Above the shabby flats opposite, the gulls soar through the sudden afternoon sunlight, their backs ablaze with gold and red. She watches them a moment, wheeling through the blue, never to land, then she goes to get changed.
Abe
It’s cold, and the wind’s whipping my jacket around like mad, but I don’t go inside. I like the feel of the salt spray on my face and the boom when the ferry bucks through a wave. I’m standing at the front, right up by the chain, as far as they let you go, and I can’t help the feeling that if I look back, I’ll see my da striding over the water to fetch me back.
Mam found me packing. I thought she’d try to stop me or go and fetch my da from the prayer meeting, but she didn’t. She
just stood in the doorway watching me stuff a few pairs of underwear and socks and some toiletries into my case. She must have seen the cell phone Pete gave me when he got his iPhone sitting on top of the pile, but she didn’t say nothing. I didn’t take many clothes. When I can afford it, I’m going to buy new ones. Tight ones that cling to my body: like a little tart. It’s not just girls that can be tarts, Daddy.
I met a man online who lives in Dublin. He’s older than me, and I don’t fancy him much, but he says he’ll put me up, help me find a job, get me on my feet.

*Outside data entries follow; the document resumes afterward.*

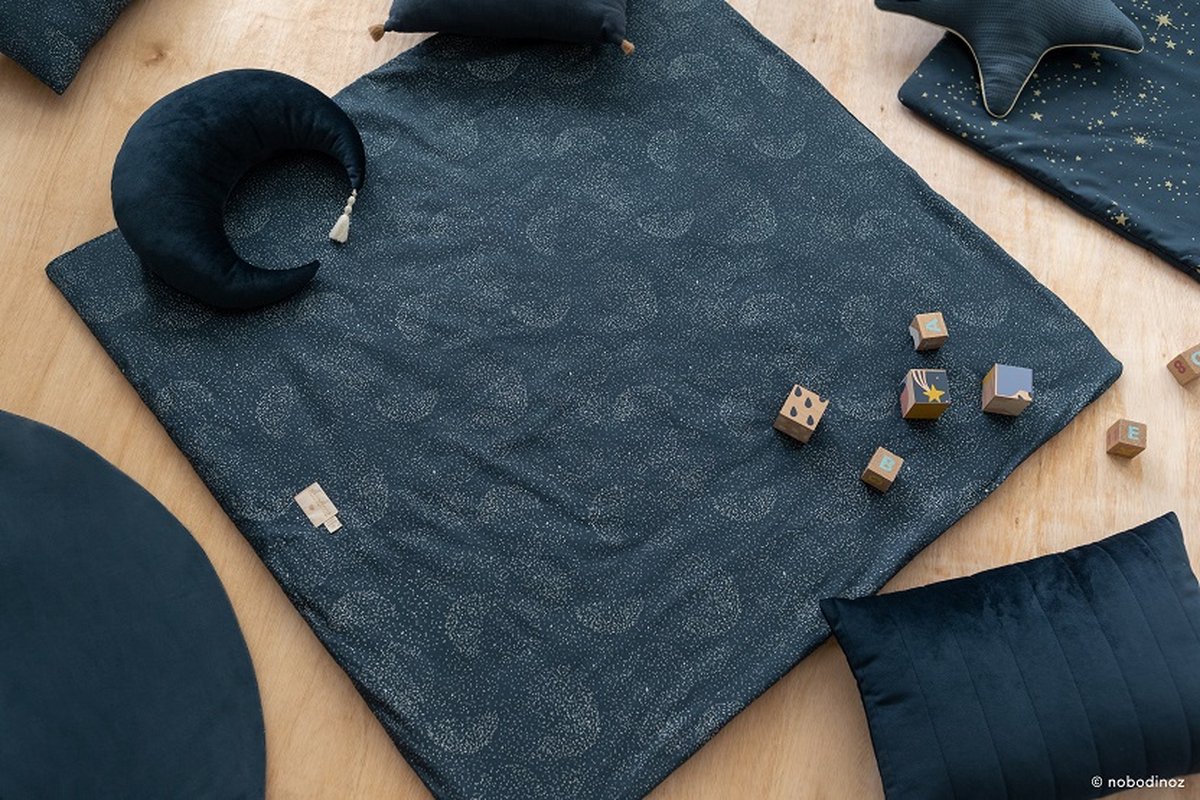 Nobodinoz speelmat Colorado Gold Bubble/Night Blue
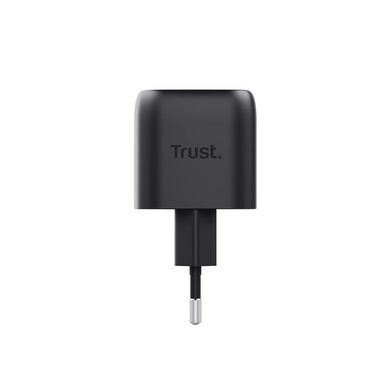 Зарядний пристрій мережевий Trust Maxo 30Вт, GaN, USB-C, PD/PPS, чорний (25519_TRUST) [111728]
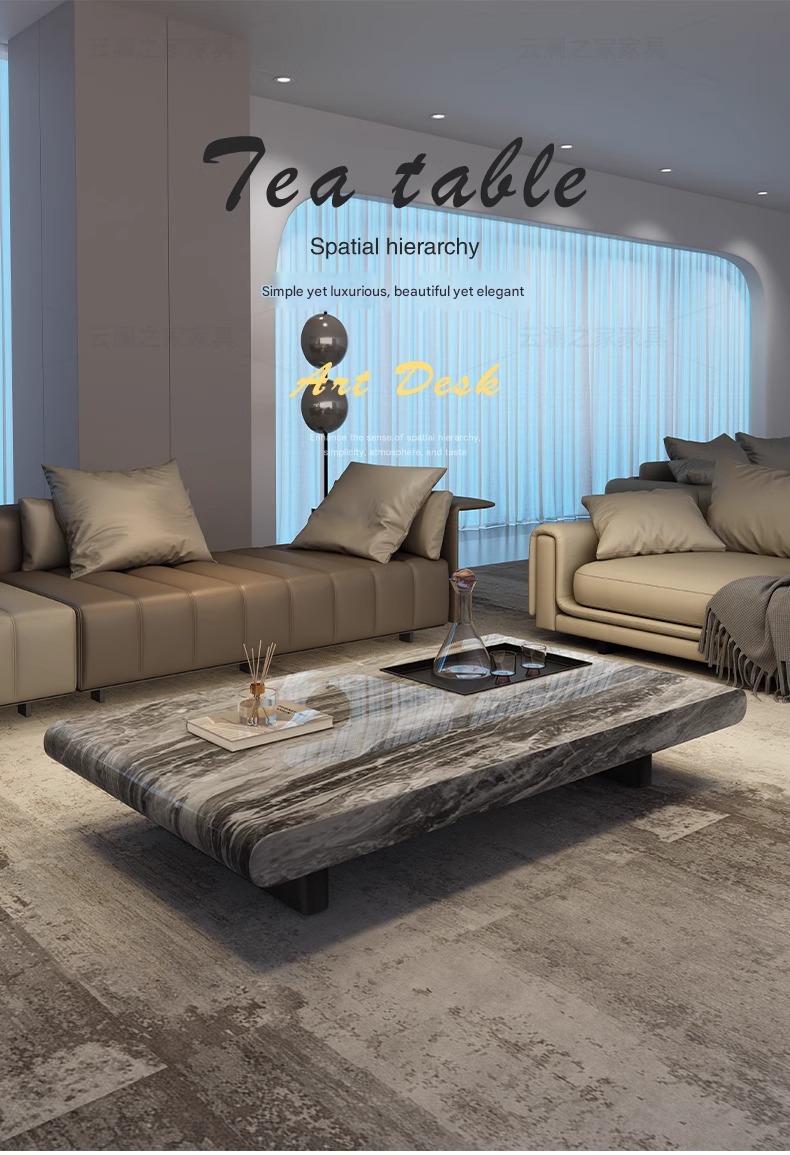 Italian Luxury Rectangular Marble Coffee Table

Like a real dad should. I’ll do whatever I need to to pay for it. I think I know what that’ll be, because one of the other boys showed me a video online.
“Goodbye, Mam,” I said.
“Goodbye, Abraham.” When she said it, her lips hardly moved.
I’d left myself only a couple of minutes to spare before the bus left, but they were the longest moments of my life as I waited in the wind for my da to come striding down the slope.

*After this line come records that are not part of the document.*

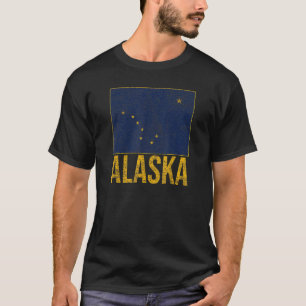 Alaska State Flag Ursa Major Bigdipper Polaris T-Shirt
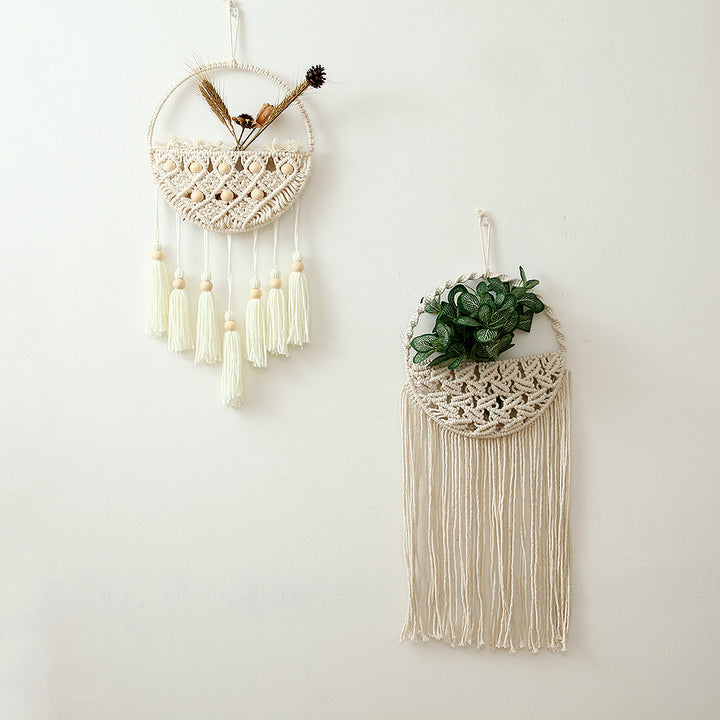 Macramé Wall Hanging Decor with Fringe Details Bowlift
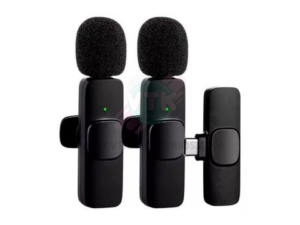 MICROFONO CORBATERO  DOBLE INALAMBRICO USB-C LAVALIER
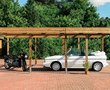 Carports aus Douglasienholz als Einzel- oder Doppelstellplatz für preisbewusste Einsteiger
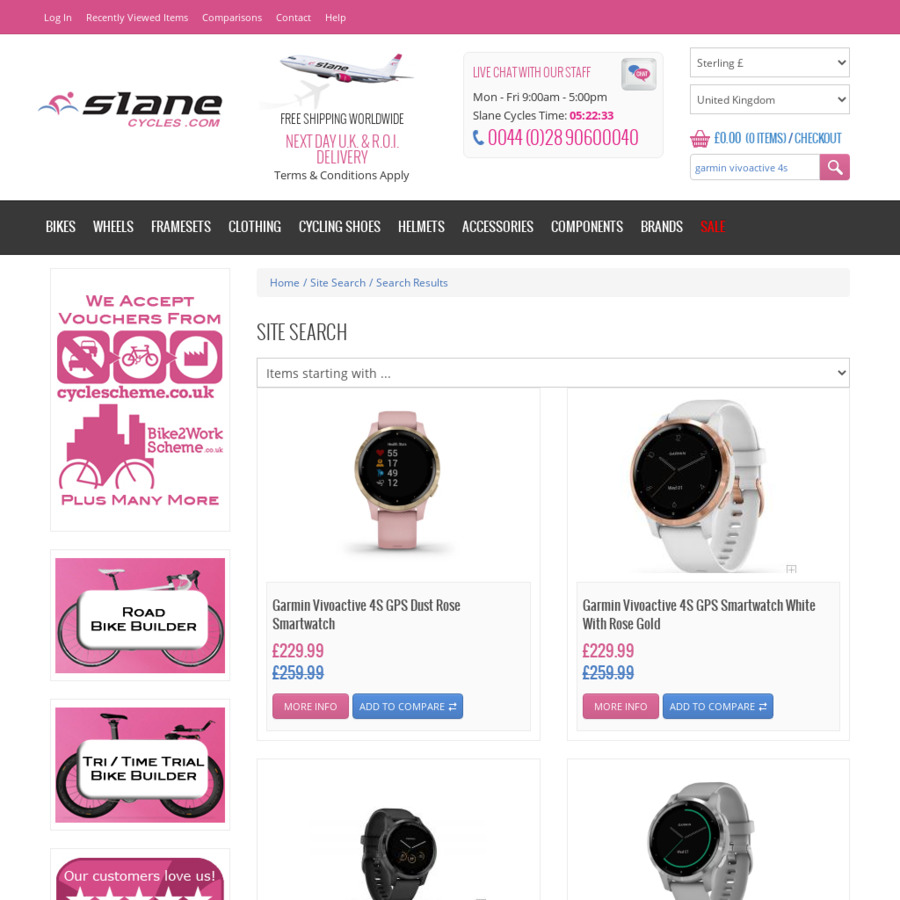 slane cycles garmin venu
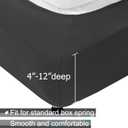 Box Spring Cover Queen/Cal Queen Size - Jersey Knit & Stretchy Wrap Around 4 Sides, Alternative for Bed Skirt, Gray
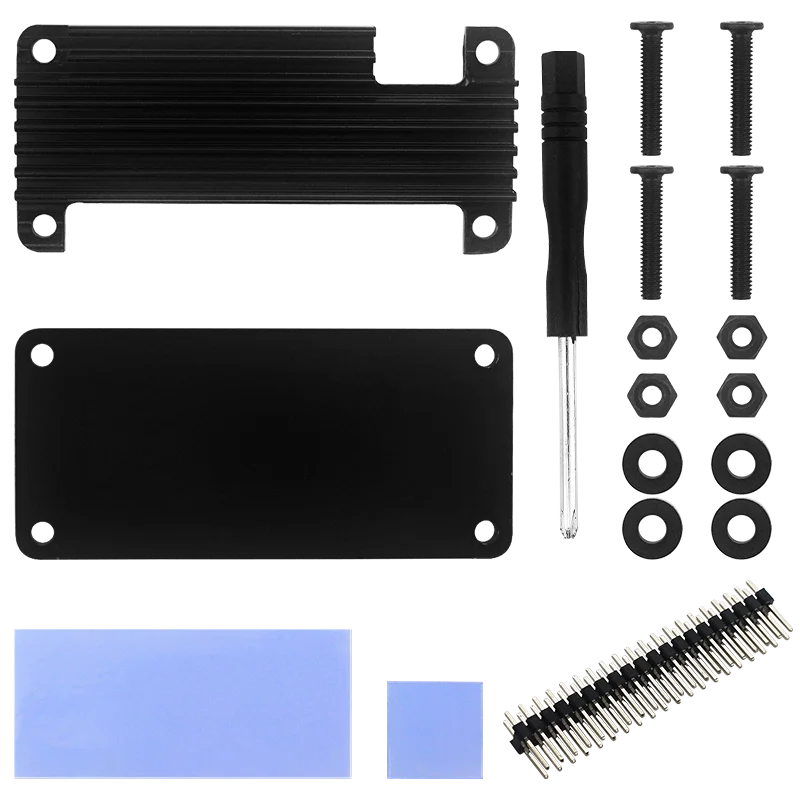 Raspberry Pi Zero 2 W Aluminum Case for Raspberry Pi Zero 2W CNC Metal Shell Passive Cooling Heat Sink GPIO Header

Even as I got on the bus, I didn’t believe it. Even as it pulled away and went rocketing down the motorway. Even as it clunked onto the ferry and the metal doors went down and the engines roared.
Still, I was looking for him, not quite believing I’d made it.
I’ve not much to thank you for, Mary. And you’ve not much to thank me for—we were real bastards to each other, weren’t we? But for this one thing, I’ll be grateful to you for my whole life.
You showed me it was possible to leave.
You laid a trail of white pebbles for me, and here I am, following them. Da always said I was weak. Well, you’ve taught me to be brave, to fight for my dreams.
I know yours will come true. You were always clever and strong; you didn’t take any shit from Da even when you were little. I always admired you. Even when you were tattling on me or whipping my arse with that belt. I hated you, but I admired you. I reckon you’ll be something really special. And I reckon that when you don’t have to fight to stay alive anymore, you’ll be a decent person.